Several years ago, before I moved to Denver and began working at Patheos, I had the great privilege of serving as the Program Manager for the Programs In Christian Spirituality at the San Francisco Theological Seminary in Northern California. Among the many life-giving (and life-changing) programs we hosted was a continuing ed event called Before the Cradle and Beyond the Cross: A Lectionary Retreat for Preachers. Every summer for a week, pastors from all across the country would come together to study – and pray – the lectionary for the year ahead, in community with fellow ministers.

In addition to a morning keynote speaker — an expert on the texts being studied — each day included spiritual practices and prayer designed to integrate the head learning with the heart learning, led by Program Director and Spirituality Professor Sam Hamilton-Poore. Afternoons included ample time for rest, walking, and reflection.  A contemplative prayer service began and ended each day.   Participants regularly spoke of being spiritually and intellectually renewed and refreshed by week’s end.

With this year’s retreat just a couple months away (July 23-27, 2012), I invited Hamilton-Poore to share more about this program, and why combining sermon prep with spiritual formation is so important.

Why does your retreat focus on preachers?

Preachers have an incredible responsibility; they read and interpret the scriptures on behalf of their communities.  Most of the preachers I know work very hard at this, trying to grasp and articulate the message of the scriptures—and in ways that speak directly to the needs and dynamics of their communities.  On the one hand, preaching is a great privilege, and the people who attend our retreat really enjoy this aspect of their ministry.  On the other hand, preaching is also a regular source of anxiety.  Sunday after Sunday, week after week—trying to answer the question posed to the prophet Jeremiah: “Is there a word from the Lord?”
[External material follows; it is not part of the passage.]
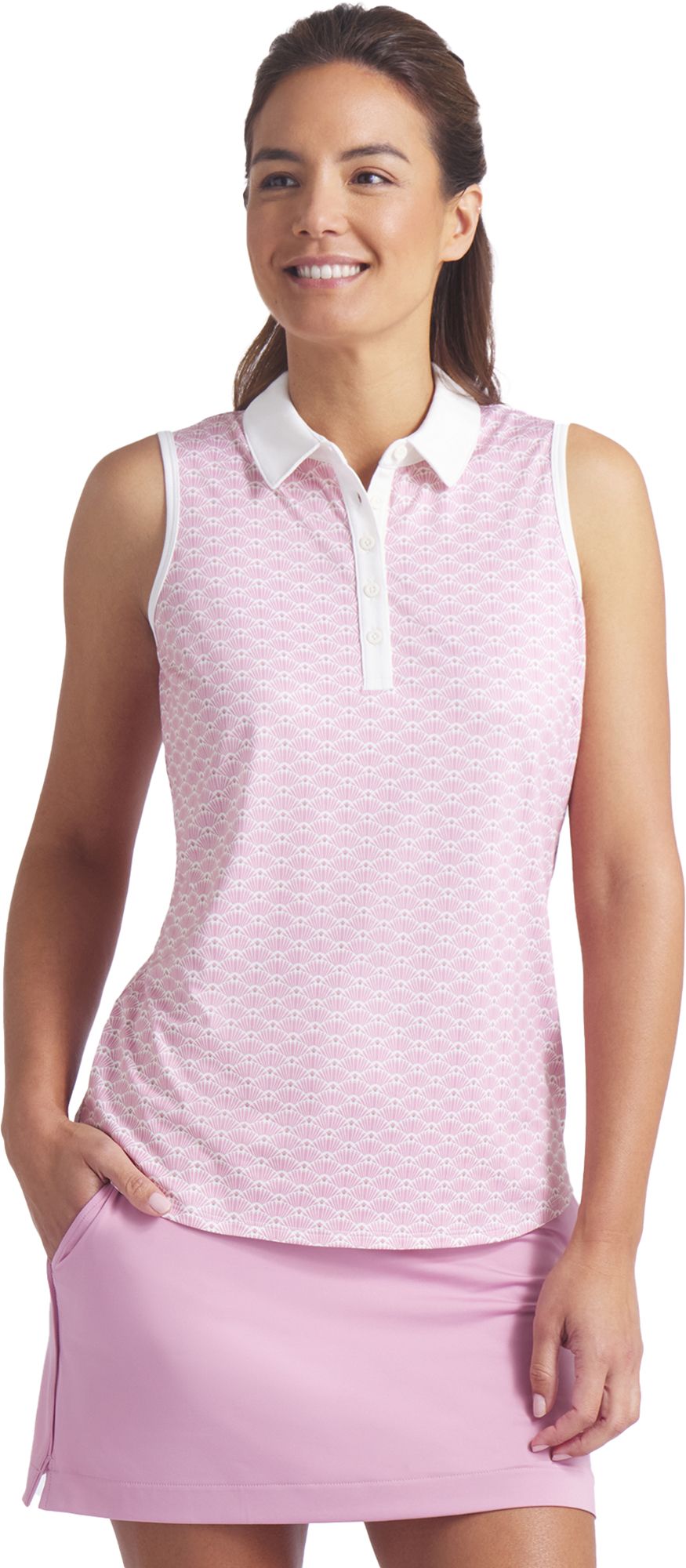 PUMA Women's CLOUDSPUN Scallop Sleeveless Golf Polo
So what does your retreat offer preachers?

Several things.  We offer them a time and place for renewal.  Our campus is beautiful, quiet, and restorative.  Our schedule, though pretty full, offers a slower rhythm of rest, worship, study, prayer, with plenty of open time for lingering conversations or reading or walking or even napping.  But at the center of all this is an opportunity to personally reconnect with the scripture and the power of the gospel alongside other men and women who are committed to the ministry of preaching—who, like you, share in its privilege and its challenges.

You say that preachers will “study and pray” the lectionary texts.  What does this mean?

Somewhere along the way—and for various reasons—“study” and “prayer” became separated in Christian practice and imagination, including in different approaches to scripture.  But throughout most of the history of preaching—from Augustine to Calvin to the present day—the scriptures can’t be adequately studied without also praying over them and with them, asking for the guidance and insight of the Holy Spirit.  And the scriptures can’t be adequately prayed with if the person hasn’t also given his or her disciplined attention to the texts themselves—their literary forms, historical contexts, and so on.  Rather than being two separate actions, studying and praying are interconnected, overlapping dynamics of the same practice: trying to understand and interpret the scriptures for today.

So how does this all happen at your retreat?

The short answer is “with the Spirit’s help”.  The longer answer is that we try to plan our days and times together in ways that encourage the overlap and interconnection of study and prayer.  Each day begins and ends with a contemplative style of worship, centered on a single text from the coming year’s Gospel—this year it will be Luke.  Each morning until noon, participants are engaged by a biblical scholar in exploring the historical, literary, and theological contexts of the Gospel, while also paying attention to how the Spirit may be speaking to them in and through the text.  Our biblical scholar this year is Dr. Annette Wire, emeritus professor of New Testament at SFTS, a very accomplished teacher and scholar.  After a long, mid-day break, preachers gather in small groups to practice and process various scripture-centered prayer practices such as lectio divina or something we call “embodying scripture,” again using texts from the next year’s Gospel lection.  These small groups are each led by trained and experienced spiritual directors who are also preachers.

By the end of the week, then, the participants will have studied and prayed together quite a bit.

Exactly!  And our hope is that by the end of the week all of our preachers will feel personally and professionally rejuvenated, not only for their ministry of preaching, but in their own spiritual journey with the Living Word.  They’ll also leave remembering that they’re part of a community of preachers, all committed to the same ministry.